Without getting into a lot f technical details, a DC motor provides it's own feedback by the back EMF from the armature. This is picked up by a third stator winding and fed to the controller. Industrial type DC drives bear no resemblance to the treadmill motor or similar. They are shunt wound with the field drawing about one amp so that is all the current you have to switch to reverse the motor. The smallest of the two or three printed circuit boards is bigger than the entire cheap control.
That is why I said to get that feature on an AC drive would eliminate some of the price differential on an industrial type CD drive.

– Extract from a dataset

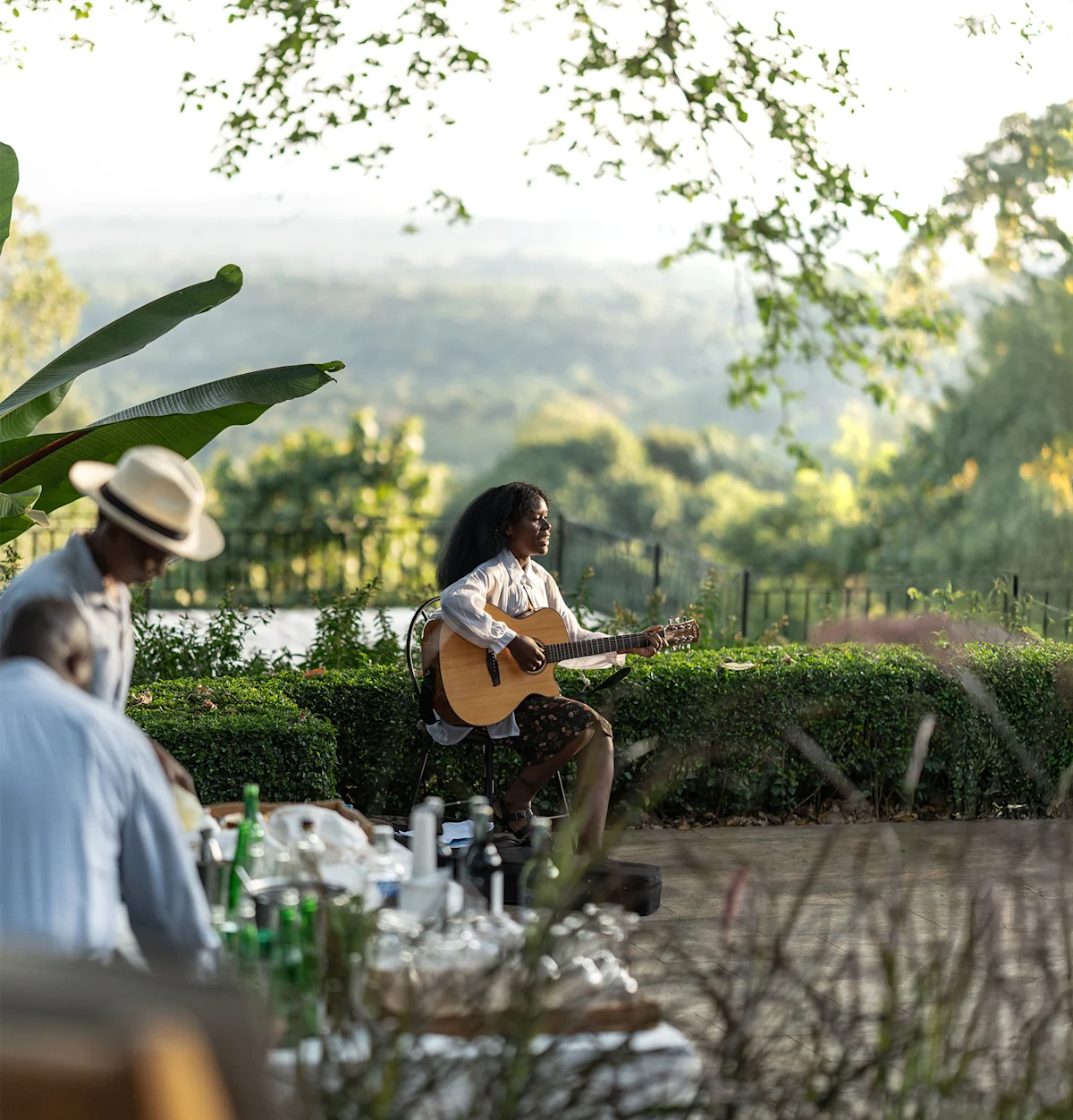 Musician playing guitar on a garden terrace as guests dine nearby at Gibb's Farm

The dynamic brake feature on the DC motor is is another feature that is superior to a foot operated mechanical brake on a lathe.

Having said all that, unless you can source an industrial DC motor and control at low cost, a cheap VFD and cheap used old style three phase motor is a good compromise.


----------



## pipcount (Jan 7, 2014)

Fellows, my first post for help.  I have a lathemaster version of the 8x14 lathe, and have been very happy so far, a great little lathe.

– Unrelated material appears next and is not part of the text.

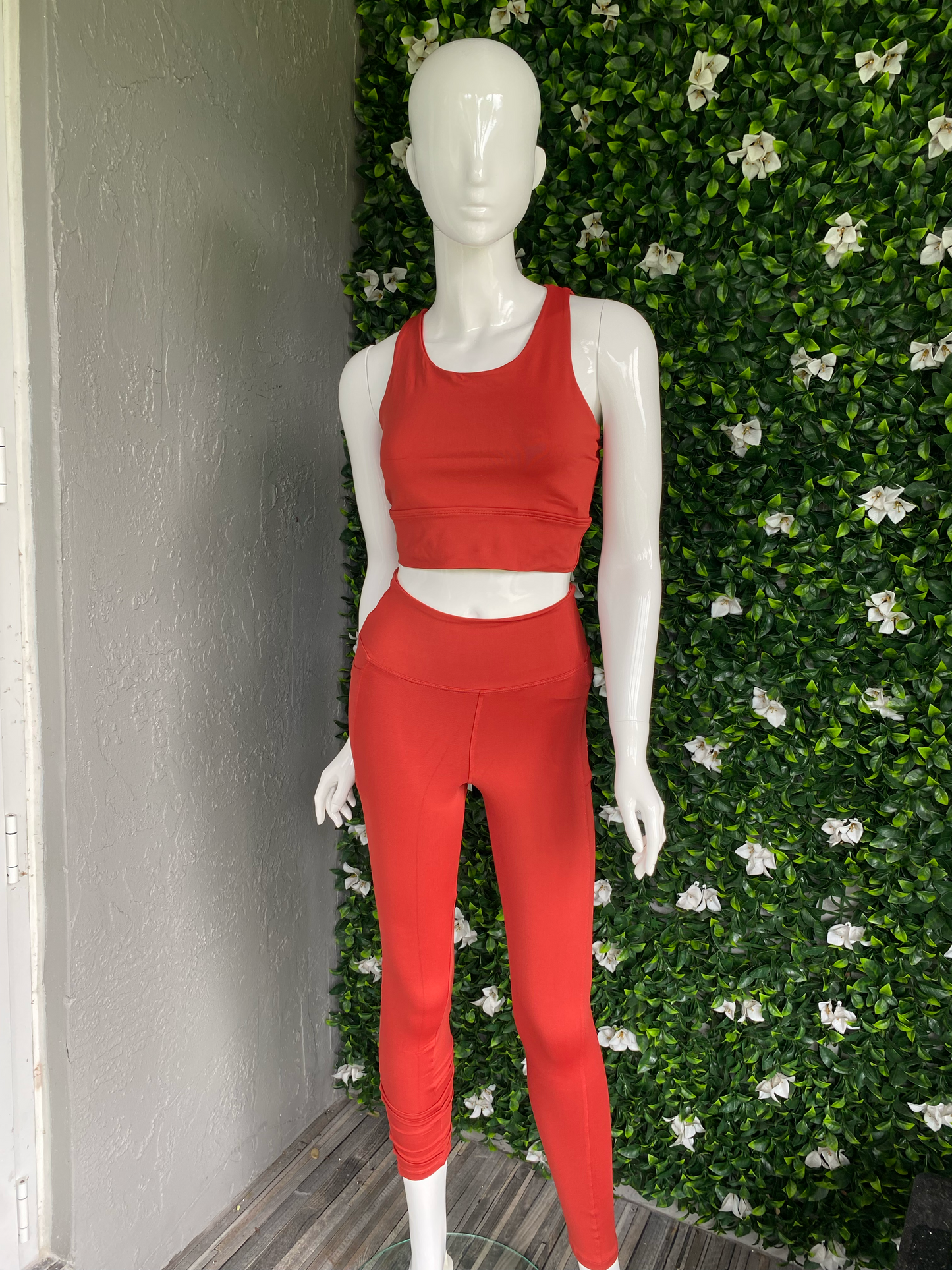 Mannequin wearing a red outfit against a green and white floral background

Recently I have experienced motor issues and wish to go the VFD/3 phase path.  I picked up two industrial VFD off Craigslist (list $800-$900!) for $150 each, NEMA rated for exterior installation, heavy duty, seem like GREAT units.  If anyone would like one, let me know.

Where I have problems so far: the 3/4 HP motor I have is simply too large to fit behind my lathe.  I was wondering if anyone could send me the model number of the motor they used that fit.  Ideally I would like a "drop in"... I enjoying working with the lathe, not on the lathe


----------